We ask the world’s top designers and illustrators to answer 13 questions.
Martina Paukova is a Berlin-based illustrator whose work delights in awkwardness, often depicting “gangly millennials” and cleverly distilling the universal yet distinctly first-world-problem discomforts of being a person in the 21st century. She’s worked for clients including Converse, WeTransfer, Lexus, Refinery 29, and The Guardian, but here she’s turning her hand to answering our 13 taxing/banal questions. Do yourself a favor and follow her on Instagram @martinapaukova.
Describe what you do in four words or less: Flattened people and realities.
When did you know you wanted to be an illustrator? When I was 26.
If you weren’t a designer, you’d be: A behavioral scientist or baker.
The typeface you love/hate/love to hate: Love Aperçu. Hate Myriad Pro.
Your dream design (or redesign) project is: To design the wall interiors for Google headquarters in Mountain View, California.
What’s the best piece of advice you’ve received (and who said it)? This isn’t an exact quote, but Trey Parker (co-creator of South Park) said something to effect of: “It’s important to know when to stop. You can’t just keep going. If you do, eventually you start second-guessing yourself, and not only do you spend too much time on one image, you also end up with an image that’s probably only 5% better than the one you started from.”
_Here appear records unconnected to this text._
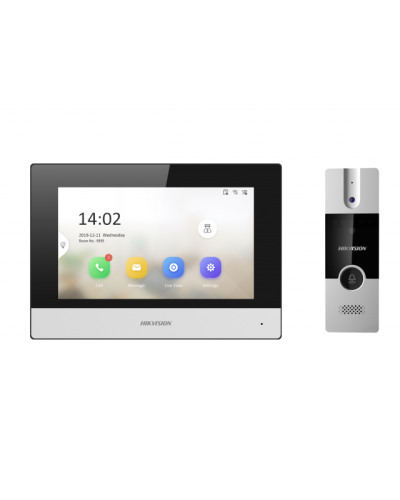 Комплект с видеодомофоном и вызывной панелью Hikvision DS-KIS302-P в Новороссийске Комплекты домофонов Pintop.ru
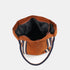 Bolso tote de piel para mujer personalizable marrón Sarah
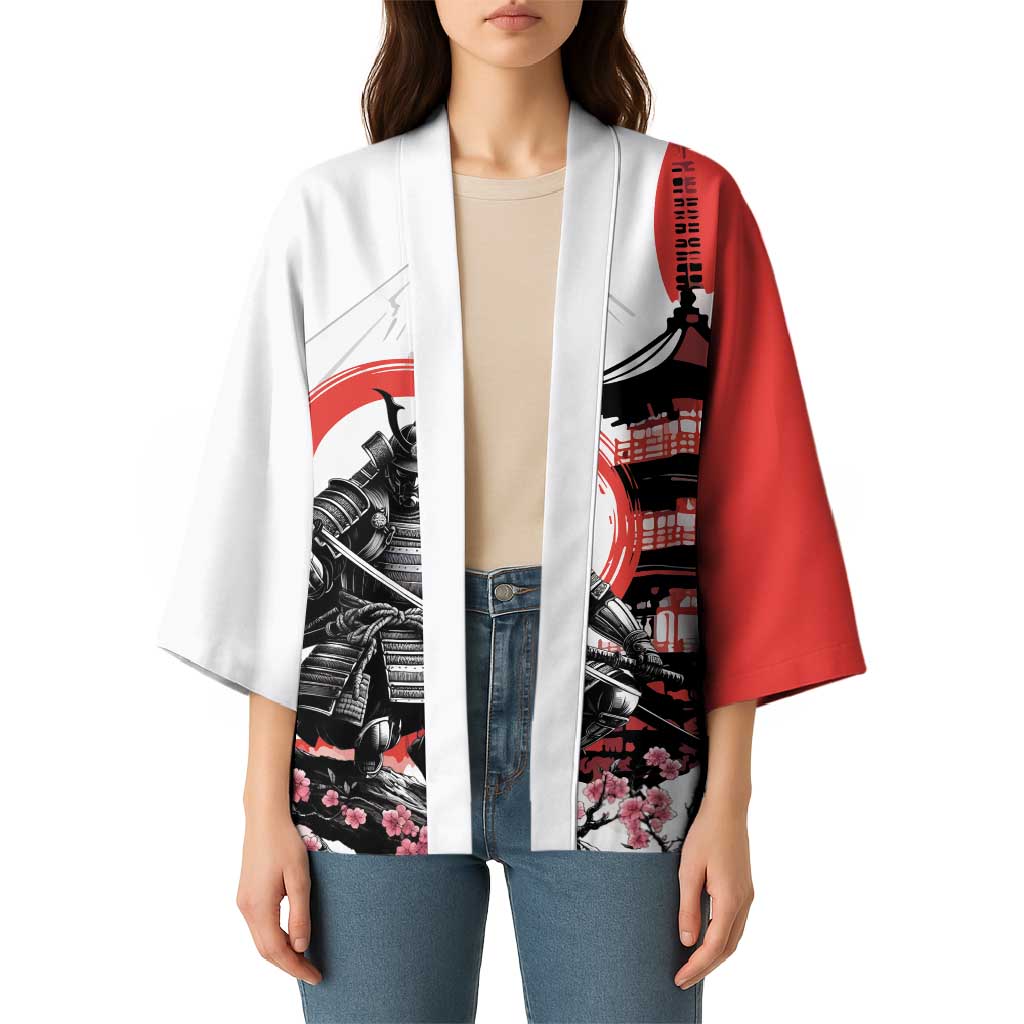 Japanese Samurai Warrior Enso Kimono Japan Pagoda Sakura Watercolor - Wonder Print Shop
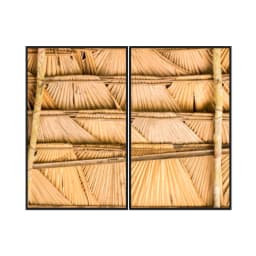 Kit Quadros Decorativos Madeira De Bambu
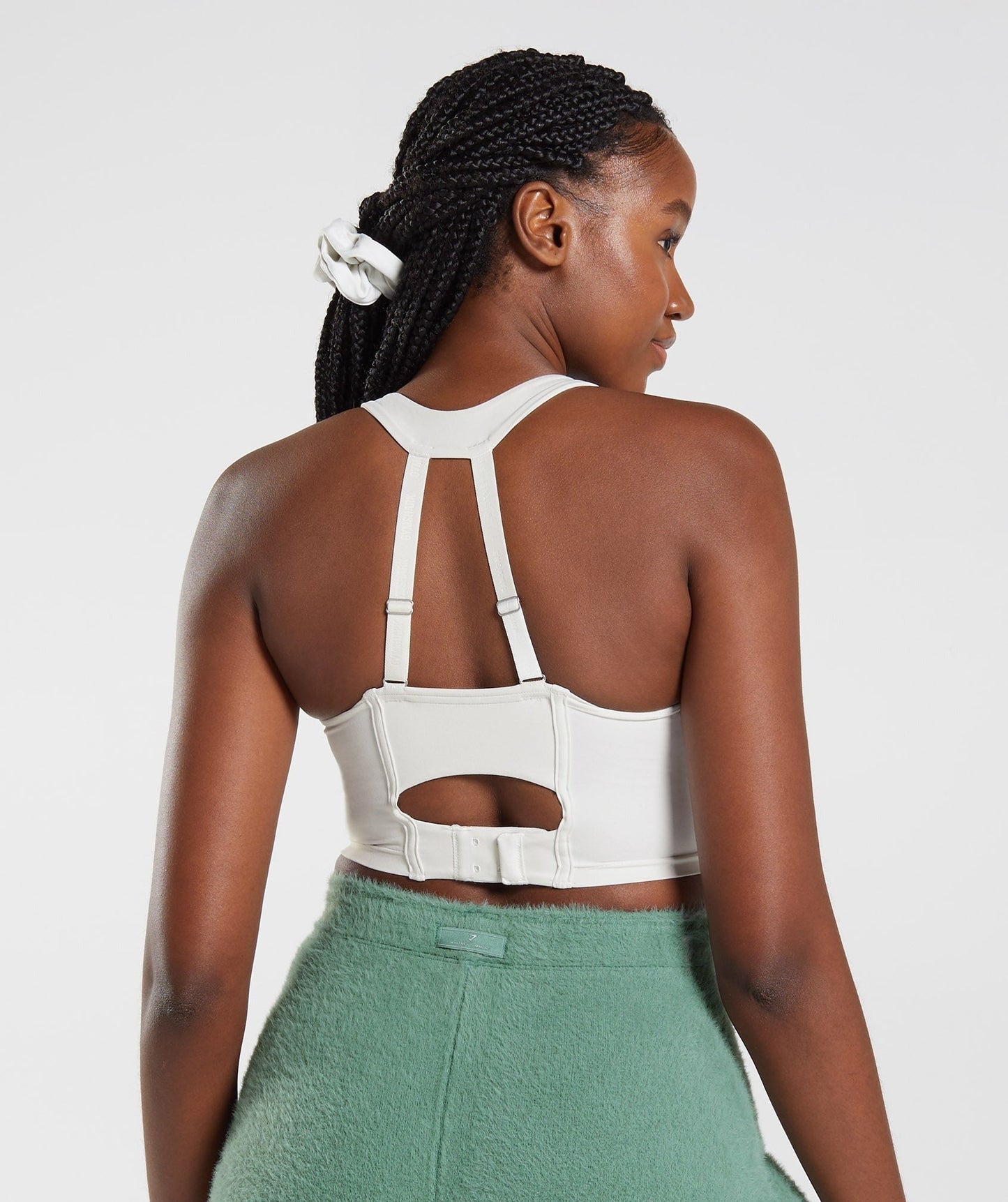 Gymshark Whitney Longline Bra - Skylight White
The quality in others you most admire is: Compassion.
You’re secretly really good at: Dissecting the taste profile of unsalted butter.
The biggest design cliché right now is: The whole low-brow pretty/ ugly movement.
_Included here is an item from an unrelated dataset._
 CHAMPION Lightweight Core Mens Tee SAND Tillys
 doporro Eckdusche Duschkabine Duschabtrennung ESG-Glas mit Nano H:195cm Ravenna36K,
What keeps you awake at night? The future.
What contribution will you make to the creative community in the next 10 years? Piles of faded digital prints and megabytes of images randomly circulating the web at medium resolution.
What question are you dying to answer that we haven’t asked? “What is the book that most influenced your practice?”
What’s the answer? Human Space by Otto Friedrich Bollnow.